Gottschalk Antiphonal

Common of Virgins

F-o71o

Cambridge, MA, Harvard University, Houghton Library, MS Typ 704 (6)

General Information

Script, Hands

Written in late Caroline minuscule by Gottschalk, a scribe at Lambach in the late twelfth and early thirteenth century.

General Remarks

Interlinear neumes in the St.

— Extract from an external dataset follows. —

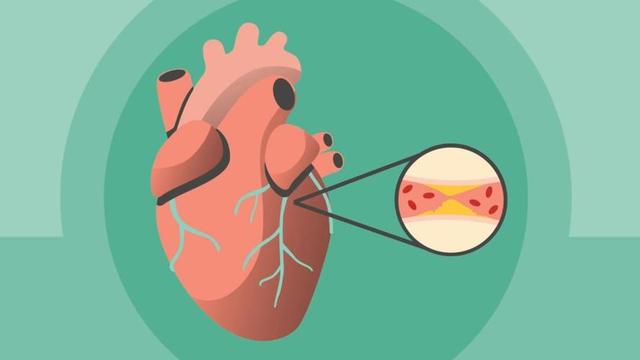 人有没有心梗，散步就知道？得心梗的人，散步常有这5个表现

Gall style; tonary letters are written in the outer margin of each folio drawn on tiers of a column representing an architectural support.

Original Condition

Page Height 308 – 320 mm
Page Width 240 – 243 mm
Height of Written Area 240 mm
Width of Written Area 186 mm
Number of Columns 1
Number of Lines 26

Book Decoration and Musical Notation

Description

The responsorial liturgy of most feasts begins with a 3- to 5-line initial (sometimes historiated) in red with red vine-stem decoration and violet bands and foliage drawn by Gottschalk; 1-line red capitals are present in many antiphons as are 1-line initials of responses in thick brown uncials traced or dotted with red; rubrics written in red rustic capitals.

History

Origin

Written and decorated by Gottschalk of Lambach in the last quarter of the twelfth century at the Stiftsbibliothek Lambach, in Upper Austria.

Provenance

Broken for binding scrap at the Lambach bindery in the 15th century. Leaves used as flyleaves and pastedowns in Lambach incunables. The leaves were removed sometime during WWII, were eventually purchased by the Swiss dealer Hans Zinniker, and are now scattered. Many are presumed lost.